The range runs from the line containing "Lendas do universo" to the last line of the entries. Restate those lines word for word, without the pictures.

★ ★ ★ ★ ★

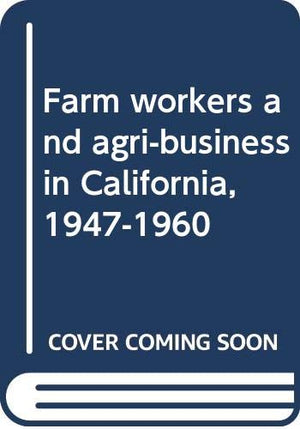 Farm workers and agribusiness in California, 19471960,Used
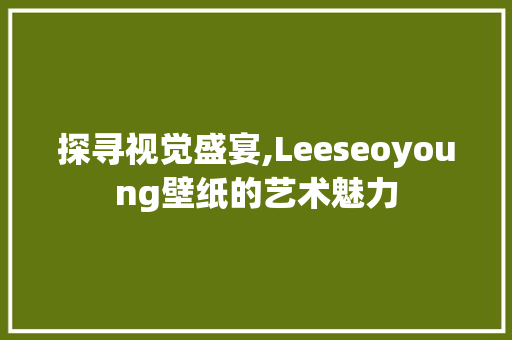 探寻视觉盛宴,Leeseoyoung壁纸的艺术魅力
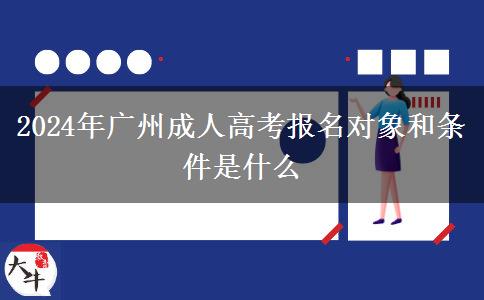 2024年廣州成人高考報名對象和條件是什么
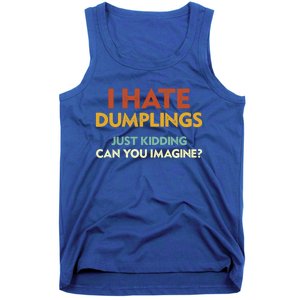 Funny I Hate Dumplings Just Ding Can You Imagine Meaningful Gift Tank Top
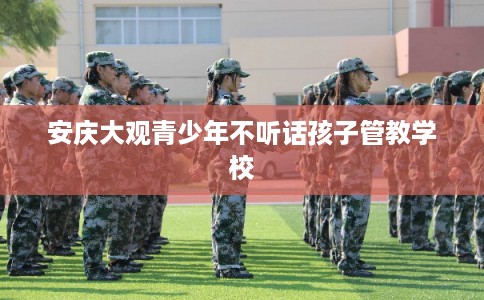 安庆大观青少年不听话孩子管教学校 安庆大观青少年不听话孩子管教学校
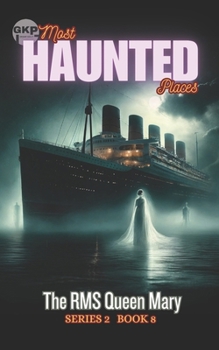 The RMS Queen Mary (GKP Most Haunted Places Series 2)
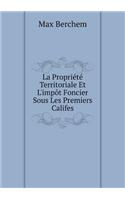 La Propriété Territoriale Et l'Impôt Foncier Sous Les Premiers Califes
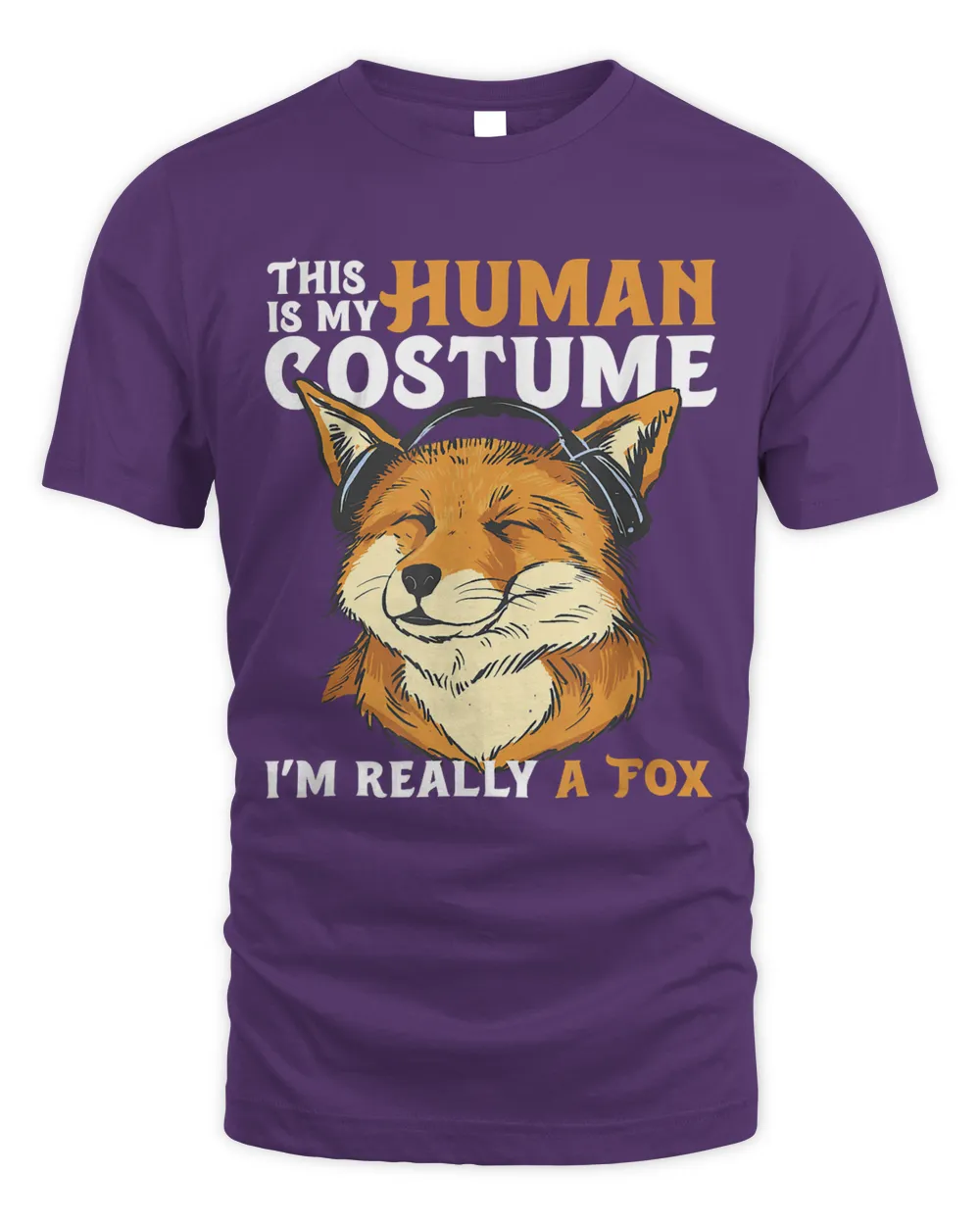 This is My Human Costume Im Really A Fox Funny 102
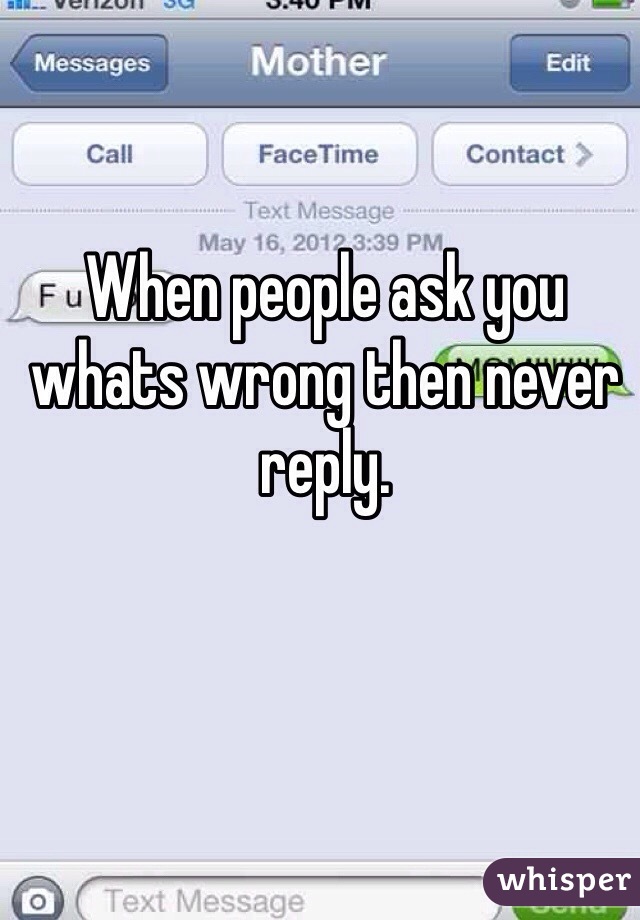 When people ask you whats wrong then never reply. 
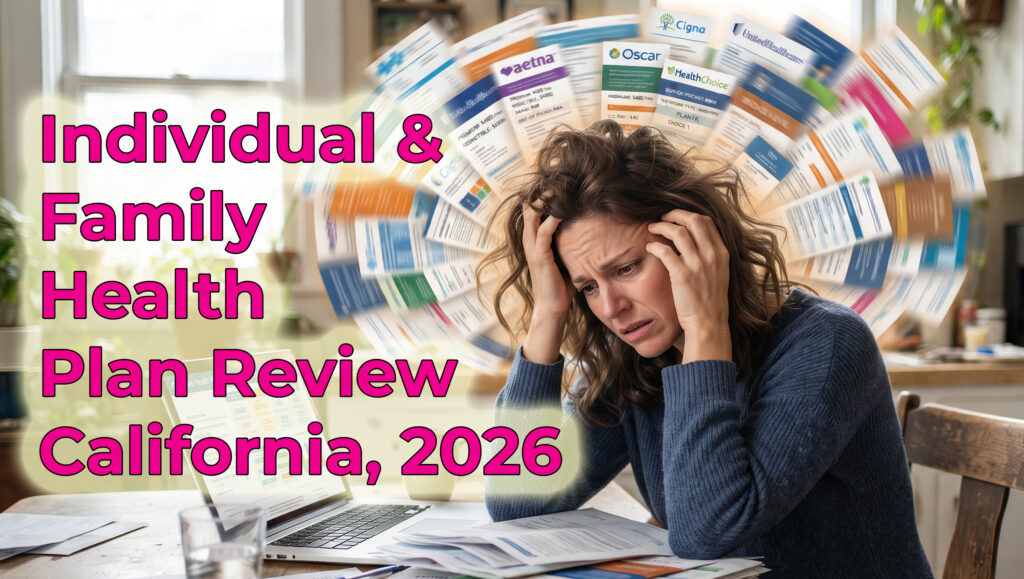 Overview of health plans for individuals and families in California for 2026.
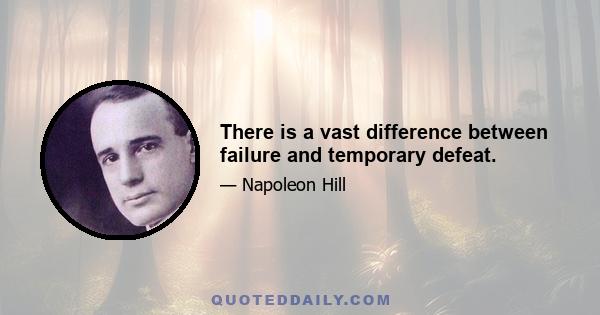 There is a vast difference between failure and temporary defeat.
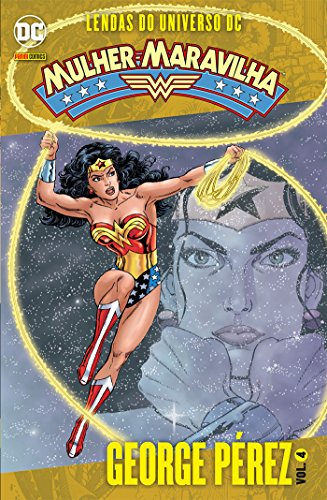 Lendas do universo dc: mulher-maravilha vol. 4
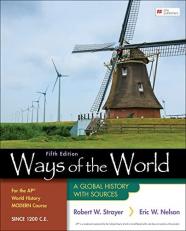 Ways of the World for the AP® World History Modern Course since 1200 C. E. : A Global History with Sources 5th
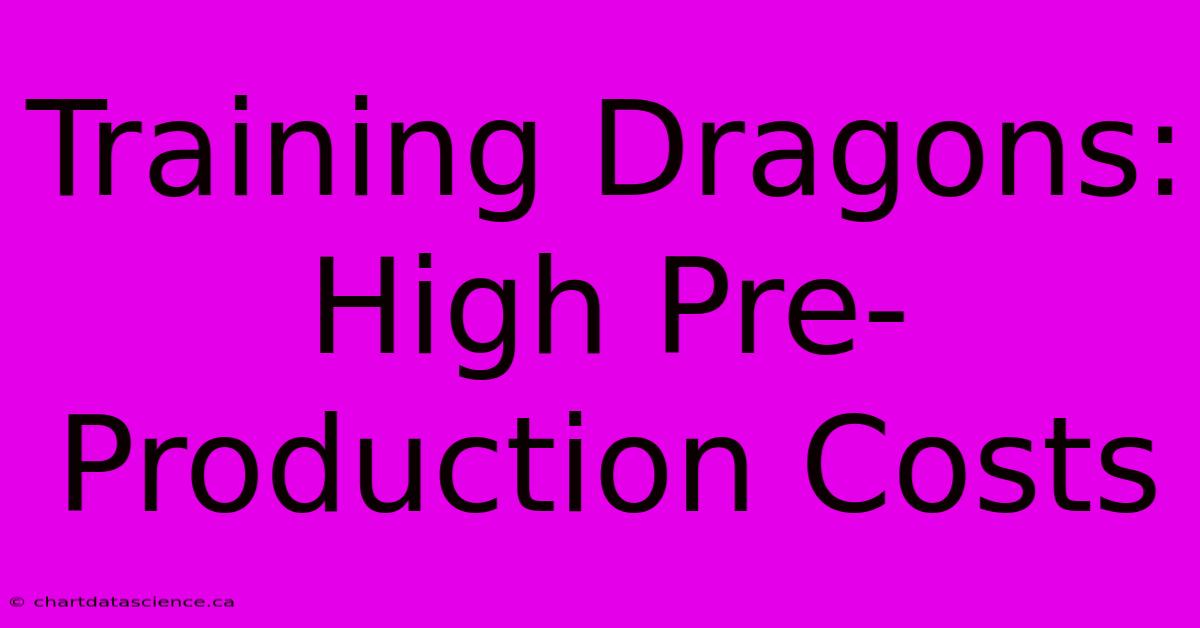 Training Dragons: High Pre-Production Costs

★ ★ ★ ★ ★

— YOUR RESPONSE —
 Lendas do universo dc: mulher-maravilha vol. 4
 Ways of the World for the AP® World History Modern Course since 1200 C. E. : A Global History with Sources 5th
 Training Dragons: High Pre-Production Costs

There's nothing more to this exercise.